The theme for 52Frames this week was Extreme Contrast. I went for a walk this morning, and first saw a nice reflection of the sun between branches in a puddle. I looked above, and was greeted by these beautiful tree silhouettes, and the sun peeking through both the clouds and the trees. I only had my phone with me, but I think it still did a good job of capturing that moment 🙂
The reveals for the 27th Photography Scavenger Hunt are done… which means I get to post my Behind the Scenes blog post, with all that I did for this round!
It’s been a tough round – I didn’t manage to do anything in December – December tends to always be a silly month, and December 2019 was a VERY silly month.
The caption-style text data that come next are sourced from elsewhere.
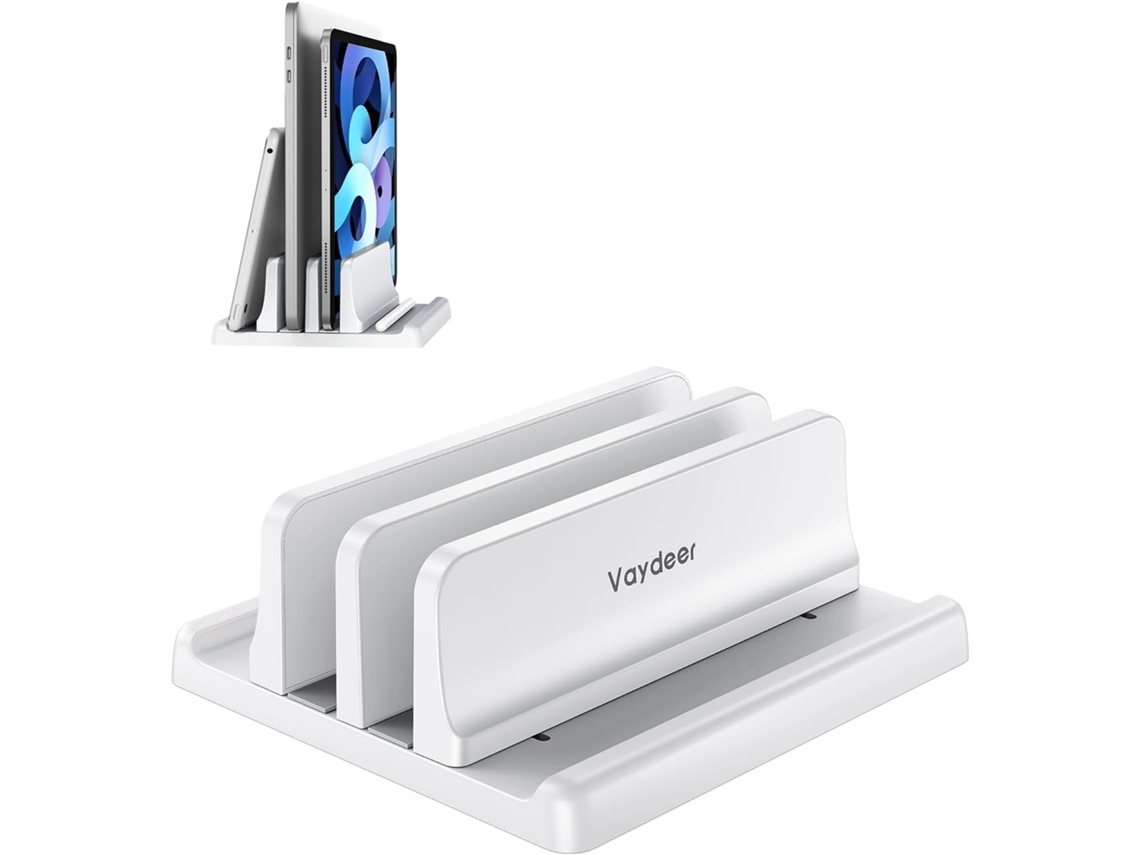 Lurelia Suporte Vertical Para Portátil 1 Unidade, Ajustável, Em Silicone, Compatível Com Macbook, Ipad, Portátil, Em Branco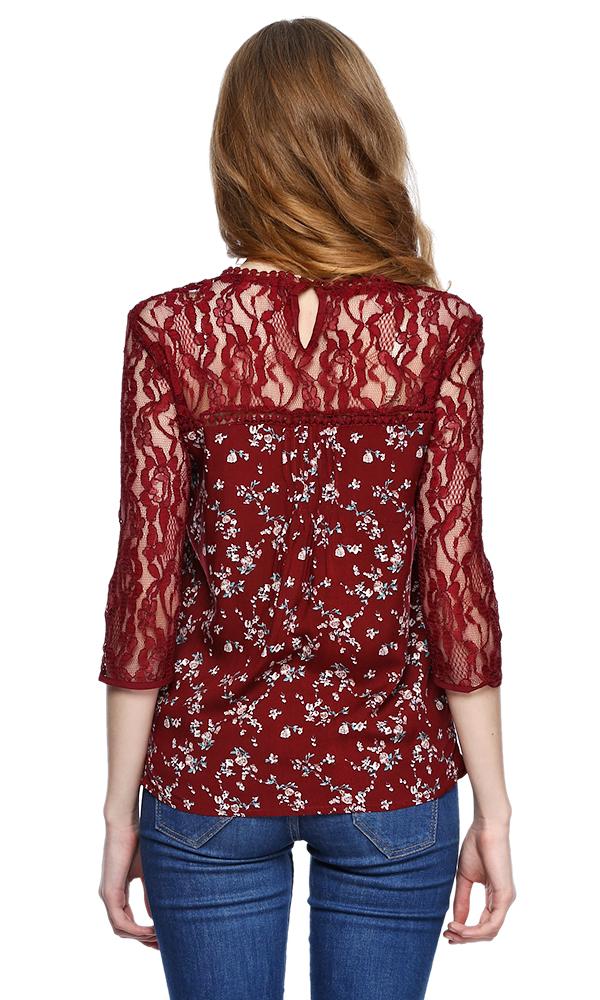 39748 Women Long Sleeve Shirt Burg - Ravin 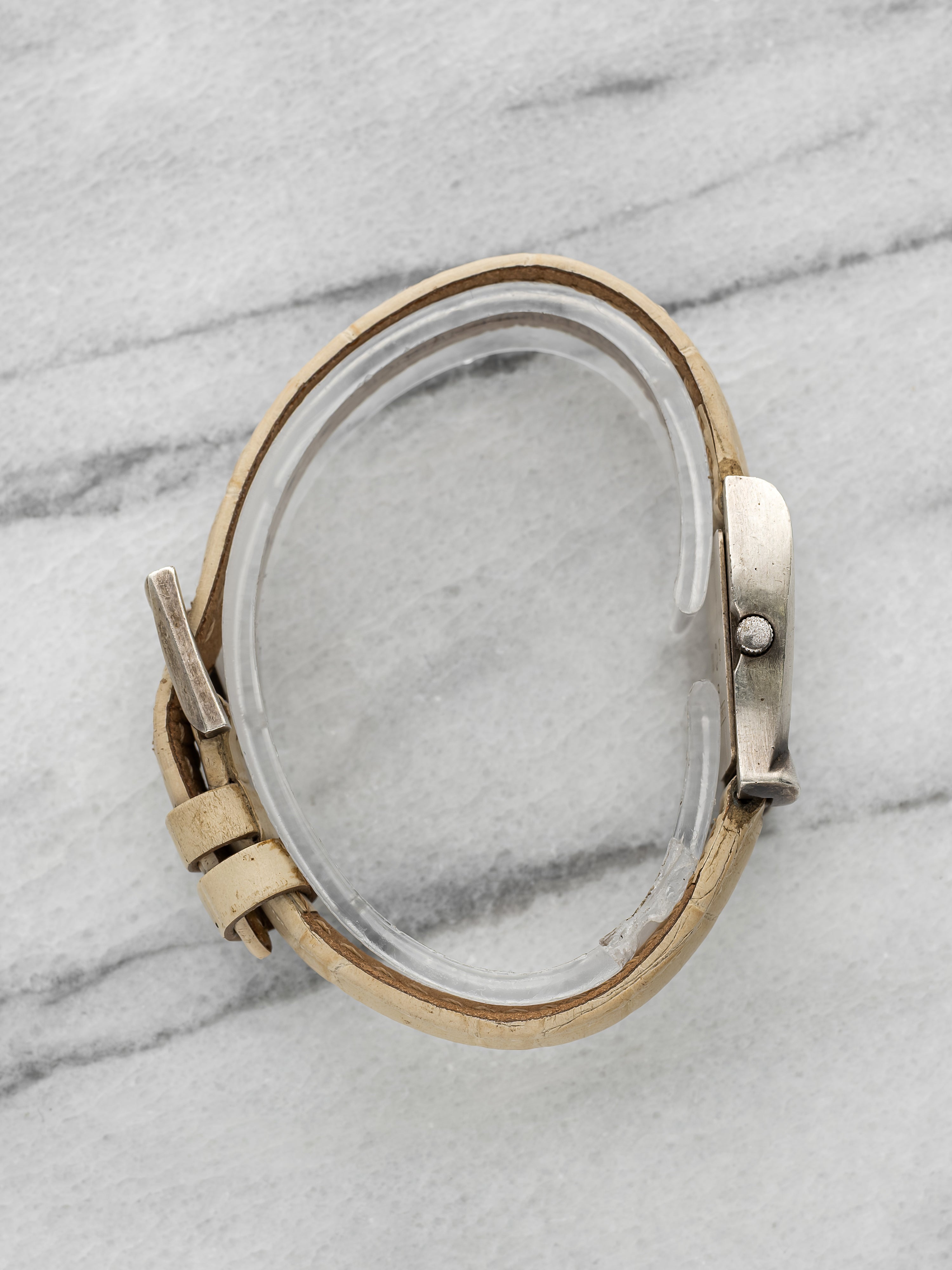 Angela Cummings Dress Form Watch – Sterling Silver, Silver Dial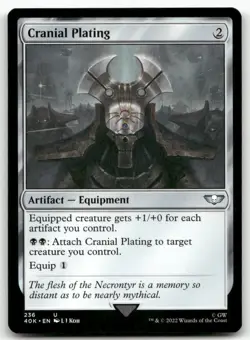 Cranial Plating 236 MTG Universes Beyond: Warhammer 40,000 U NM - Image 1
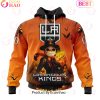 NHL Minnesota Wild X Jack Skellington Special Halloween Concepts 3D Hoodie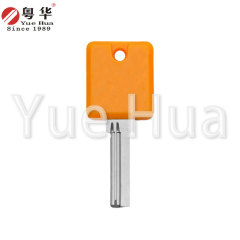 Y色塑料方形电脑钥匙坯；黄色手柄塑料方形钥匙坯；房间门木门钥匙坯；电脑钥匙坯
My January went a bit better – well enough that I found SOME inspiration for at least SOME of the words, and I even got a few pictures that I really like. A few of these started as “backup shots” – but generally speaking I’m not ashamed of anything I submitted this month (although I’m not necessarily HAPPY with everything I submitted.) And more importantly, I learnt a ton of things in the image processing/photo editing domain, and I gained some experience in “how to do things so that I avoid painting myself in a corner”.
Anyway, without further ado: my set of pictures for the Round 27 of the Photography Scavenger Hunt – roughly in the order where I decided I’d submit them.
Car
For the “car” theme, I was wholly out of ideas until I remembered that trams were also called street cars – and that I live in a city with a lot of trams. So I first went out with a camera around tram lines, and didn’t really get anything fun there. But then I also remembered we have a funicular, and that this funicular happens to run near a few tram lines too – so I went to a place where I could get both in the picture, spent some time for a (street) car and a (cable) car to synchronize (That actually happened fairly early, and not as well later on…!), and got a few shots, including this one, right out of darktable with essentially nothing done on it – it’s exposed on the left because I wanted to keep options for the sky there.
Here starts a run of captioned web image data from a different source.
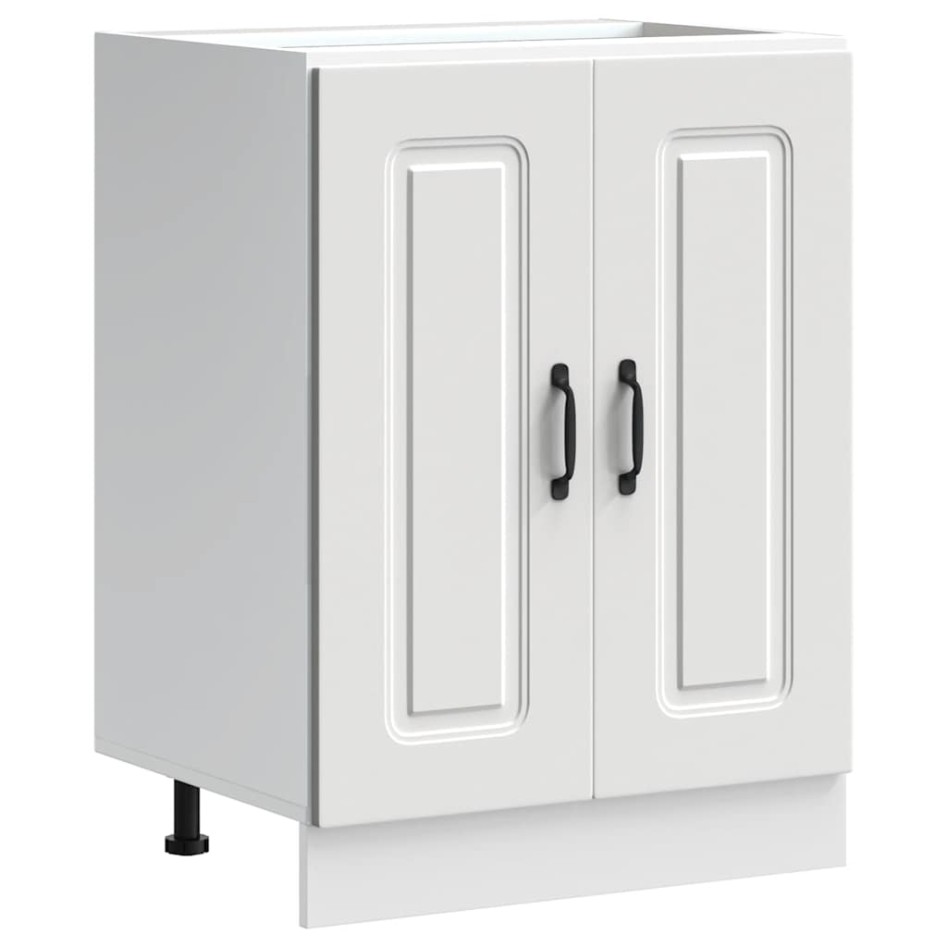 Mueble bajo para fregadero Kalmar blanco 60x46x81,5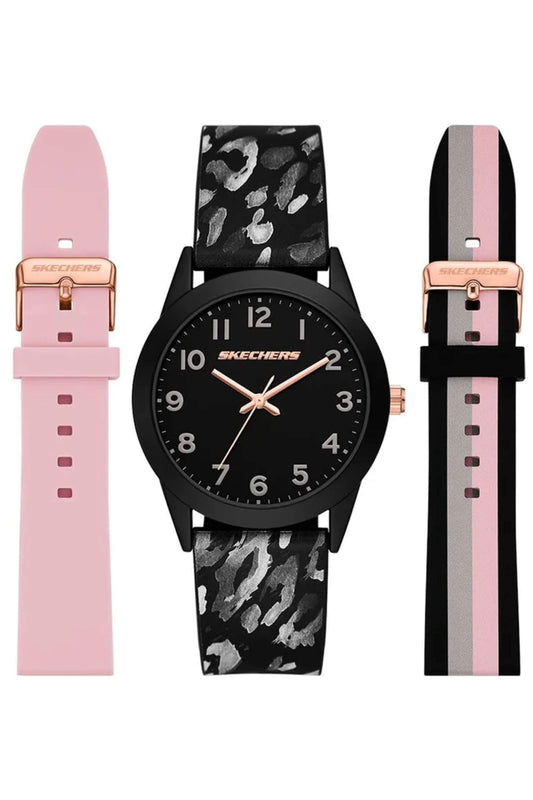 Reloj Análogo Gunmetal Juvenil Negro de Mujer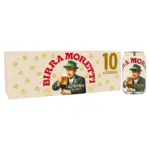Birra Moretti Premium Lager Beer Can 10x330ml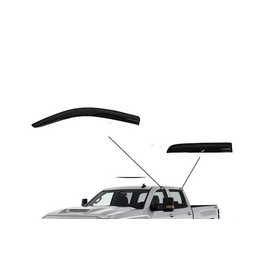 Sunwei Window Vent Visor Sun Rain Deflector for GMC Sierra Double/Extende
The first image processing was in darktable – exposure, straightening, cropping. For the cropping I considered cropping more in the bottom of the picture and framing the tram below in a “cleaner” triangle, but I liked the picture less, because then I had a tendency to crop more sky as well to re-balance it, and I like that sky, even in B&W.
I was still not suuuuper convinced by the image itself, which is, in all fairness, pretty boring. So I decided to have a bit more fun with it, and pushed the cheesiness factor to 11 by getting my cars selectively colored – which is not something I had much experience with before, so that was a way to push my own boundaries when it comes to technique too. I wondered if I should also re-saturate the “regular” cars in the front; I decided against it because I think the image stands better “on its own” (i.e. without the reference to the theme) without them.
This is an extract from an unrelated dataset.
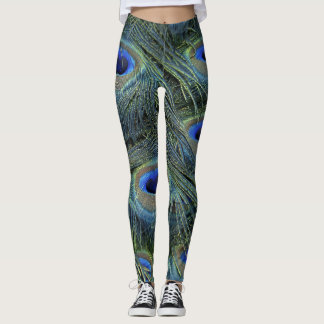 Peacock Afdrukken Leggings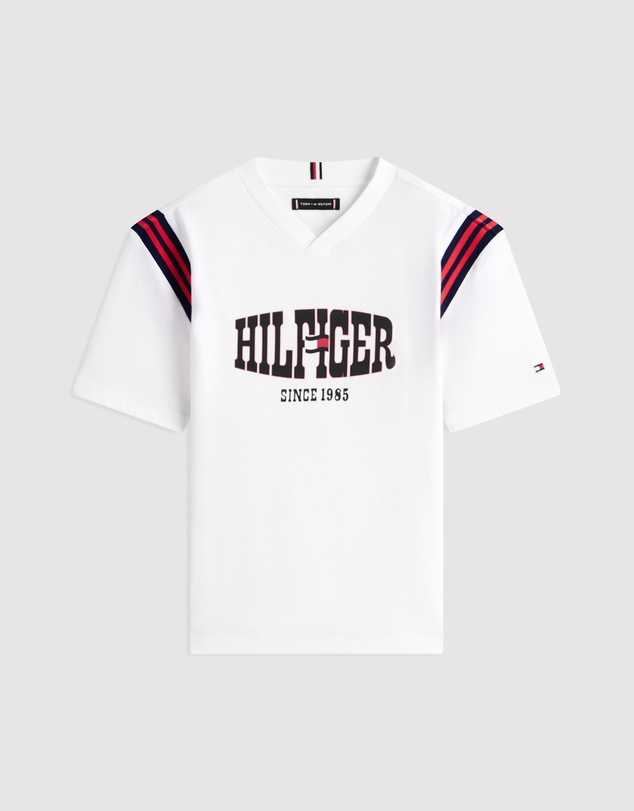 Tommy Hilfiger - Boys Logo Jersey V-Neck T-Shirt - Teens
I did that operation in GIMP, and I will admit that I got suuuper lazy there – it’s probably ill-advised to pixel-peep on that picture, because the resaturation was definitely large-stroked. I decided I was happy enough with that and that I wouldn’t be much happier with a lot more time spent on that, so I decided to ship it that way 🙂
For Steps, I wasn’t very inspired – I have a few shots of stairs in front of Grossmünster (eh) that would have served as backup… until I remembered that there was PROBABLY some stairs going to the lake and that it might make an interesting picture. And indeed – there are a few stairs here and there; I consequently have a large amount of pictures with different lights and different handling of the polarizing factor, and this one ended up being my favorite raw one:
For the final picture, well, mostly basic edits in darktable for crop, exposure and so on – removing a bit of bird droppings on the steps too while I was at it, and there, picture!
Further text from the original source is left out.